The artists performing this weekend at the Providence Jazz & Blues Festival are longtime names in their fields.

On Saturday, The Debra Mann Trio, Roy Ayers, Paul Geremia, Ben Allison and Cary Bell perform at Waterplace Park. On Sunday, the artists are Tiny Joe & the All Stars Family Band, Chris Combette, Dominique Eade and Ahmad Jamal.

The festival's scheduling is designed to show several sides of blues and jazz. Festival goers on Saturday, for instance, will see both Bell, a blues harmonica player, and Geremia, a country-folk artist who plays an acoustic roots style influenced by the blues.

The festival could also draw the younger crowd the jazz scene is seeking. On of the sponsors, The Providence Black Repertory Company, plays host Friday nights to Round Midnight,' a hip-hop workshop. The teen and 20-something crowd who check out 'Round Midnight are likely to know the music of Roy Ayers.

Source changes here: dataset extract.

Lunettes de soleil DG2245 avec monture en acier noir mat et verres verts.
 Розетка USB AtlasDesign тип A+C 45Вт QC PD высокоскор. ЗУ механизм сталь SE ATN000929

Ayers is an acid-jazz artist who in the '90s gained a reputation in jazz and hip-hop circles for his jazz fusion and pop experimentalist style.

Today, Ayers is among the jazz artists most frequently cited in the liner notes of rap albums. Snippets of his original work - a free-flowing collage of horns, vibes and percussion - are heard on albums recorded by such artists as R&B/hip-hop singer Mary J. Blige, pop rappers DJ Jazzy Jeff & the Fresh Prince, the hip-hop jazz fusion rapper Guru and R&B singer Whitney Houston. Ayers performs at 3 p.m. on Saturday.

An hour earlier, Debra Mann sings silky lite-jazz piano ballads with touches of a sprightly jump-blues sound. Her style strives to knit the serenity-through-music vibe sang by Diana Krall. And like Krall, Mann, of Providence, also plays piano.